I was extremely bored, and I wanted to make something cool. Nowadays cool equals artificial intelligence, computer vision or anything related.
This project takes a webcam feed as an input and monitors for light blobs. It can be flashlight, laser, match or any light source that can be distinguished from the background.
The software catches every frame from the webcam and passes the frame's
BitmapData.Scan0 pointer to an external x64 library written in C++ for speed. Then, this library scans the data pixel-by-pixel and makes a list of the brightest pixels. This list now contains the points of the blob. To get the center of the blob, the function searches for the extreme points in the list, and using these 4 points calculates the center of the blob. This is added to a list, from which another function in another thread draws the "detected blob history" image.
Every blob is an object of type
Pixel and contains the X and Y coordinates, an associated shape ID, and the exact time it was spotted on a frame.
The frame is a
Bitmap image, which has a
GetPixel() function, so therefore this should be the way to go. However, this function is really-really slow. A scan takes 121 ms to complete. This is not acceptable at a 30 FPS video, so further optimization is required.
You can get the pointer of the image pixels in the
BitmapData.Scan0 property. Cutting out the middleman and scanning directly this is 83% faster.
The managed version of this scanner takes 20 ms to complete under x86. Compiling the application into an x64 assembly will run the algorithm under 8 ms.
The algorithm can be further optimized, by using the pointer in an unsafe code block instead of marshaling into a byte array. This way the scan runs for 5 ms.
The exactly same code, rewritten in C++ and compiled to an x64 library scans the picture under just 2 ms.
After another take on the C# code, I've separated the picture into several parts and parallelized their scan. Instead of a linear scan on a single core, the scan now runs on all the four cores of my CPU with two threads each, and this makes it waaay faster. From 5 ms to 0.3 ms!
So there you have it, after lots of thinking and coding I was able to optimize the algorithm to be 99.7% faster from 121 ms to just 0.3 ms.
I also made attempts with using the GPU, however since the algorithm is quite simple, it took much more time to convert the image into a parallel array, process it on the GPU, then convert it back.
What this does, is moving the mouse as the blob is recognized to move on the frame. It was provided only as a proof of concept, since the input image is 640x480 divided by 2, then the blob size is about 10 pixels big (in case of a flashlight), which means there are roughly 36*24 (768) positions where the blob can move the mouse. Also the image is of 4:3 ratio, while your screen is probably 16:9.

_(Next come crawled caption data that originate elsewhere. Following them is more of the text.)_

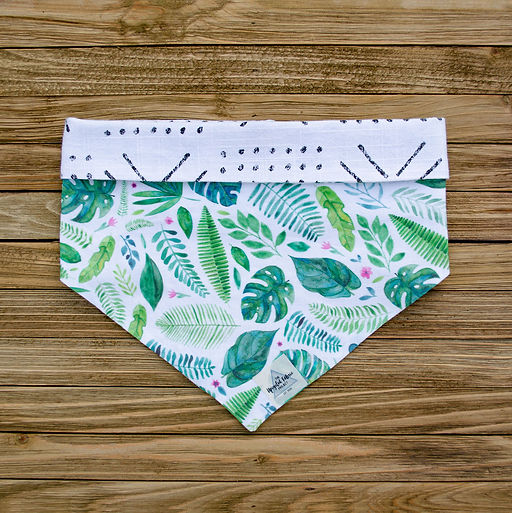 Jamie Bandana 5 (16).jpg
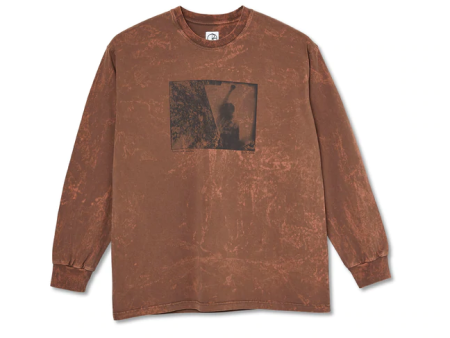 Polar Skate Co - Leaves and Windows Longsleeve T-shirt - Rust Online Hot Sale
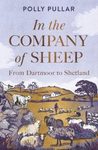 In the Company of Sheep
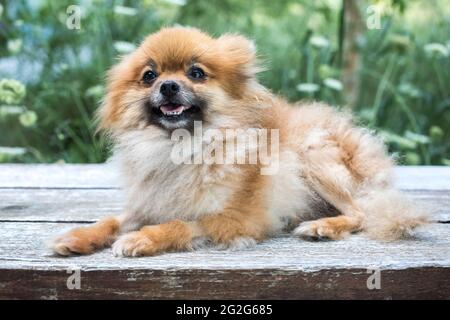 Primo piano ritratto di un cane di Pomerania sul ponte con verde dietro Foto Stock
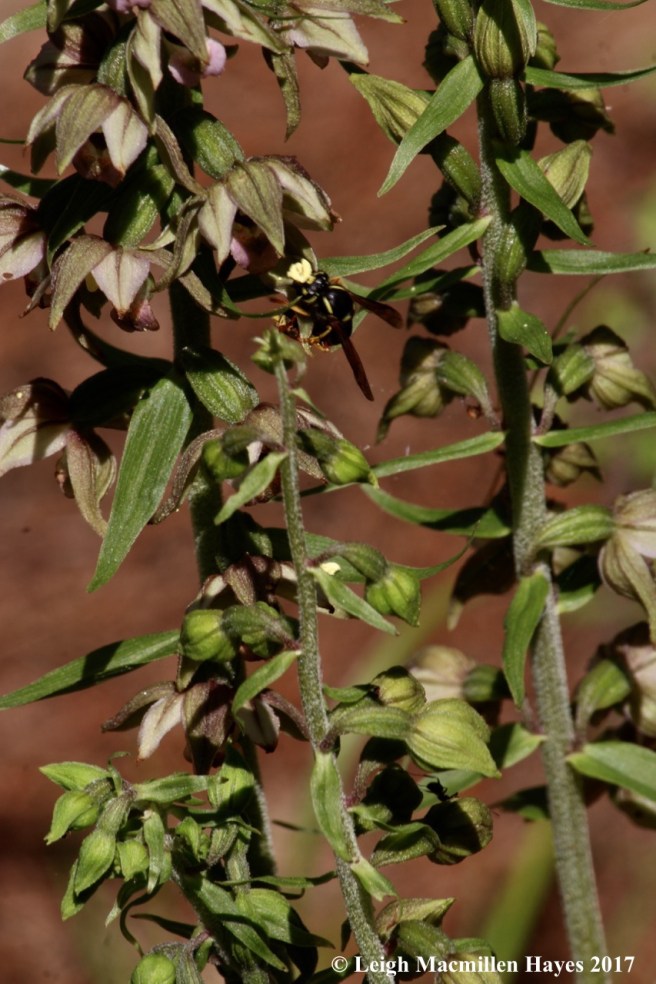 i-helleborine wasp 1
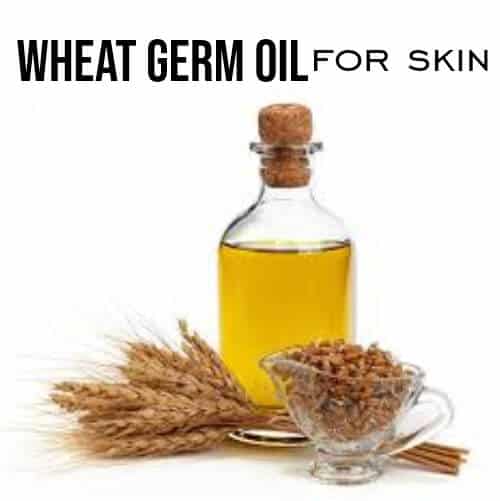 Wheat Germ Oil: The Perfect Oil for Winter
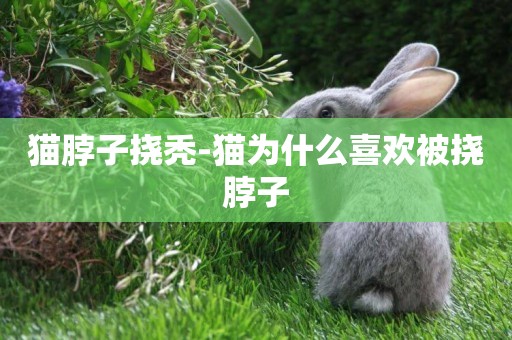 貓脖子撓禿-貓為什么喜歡被撓脖子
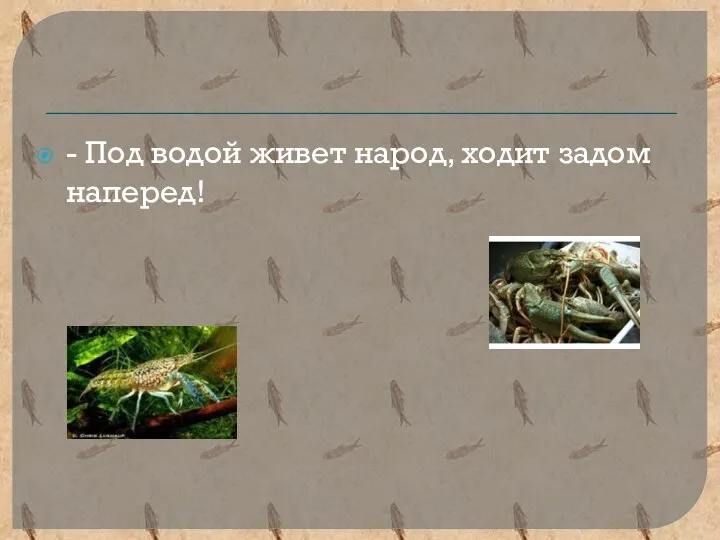 - Под водой живет народ, ходит задом наперед!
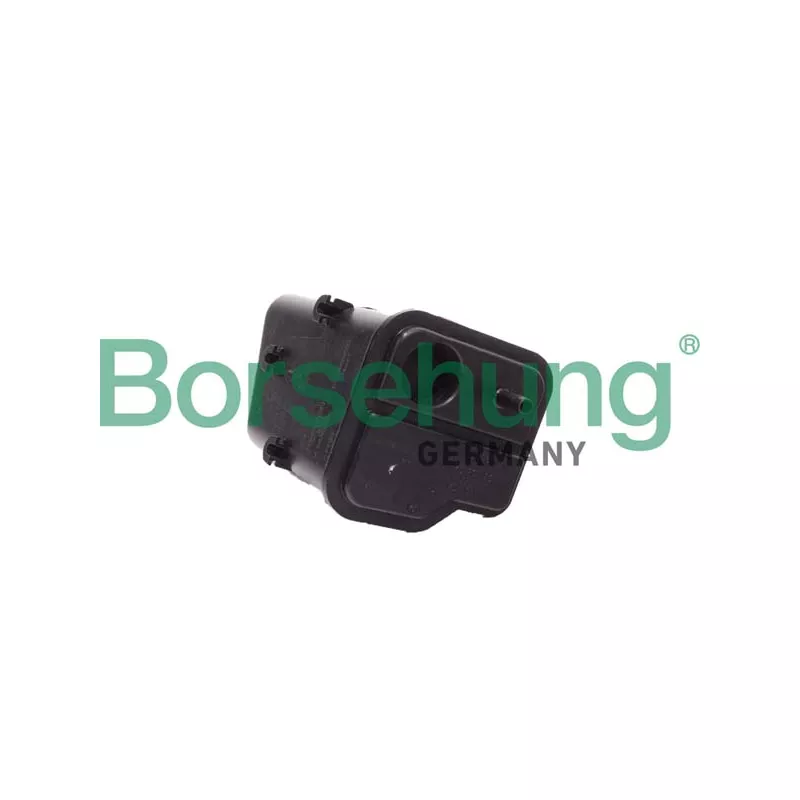 Filtre à charbon actif, ventilation du réservoir Borsehung B12394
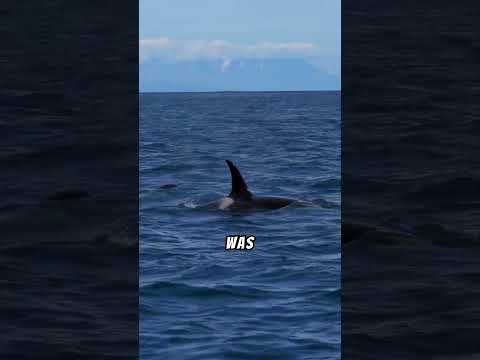 The heartbreaking tale of keiko the orca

Given these facts, the function works surprisingly well.
This is not your regular optical character recognition, because all the letters are badly drawn. Serious science is going on behind the scenes: your shape is processed by an artificial neural network having millions of connections trained to recognize different letters. The method which is used to train the artificial neural network is called backwards propagation of errors or backpropagation for short. This type of neural network only works on numbers, so sadly, it won't become skynet overnight.
This is probably the most hardest part of the project, but also the most awesome.
This option can translate the flashes into morse code and then the morse code to letters. The space between two codes is 3 ~ 15 frames with lights off, a short code is 3 ~ 6 frames with lights on, a long code is >7 frames, and the new codes will be translated into a letter after >16 frames with lights off.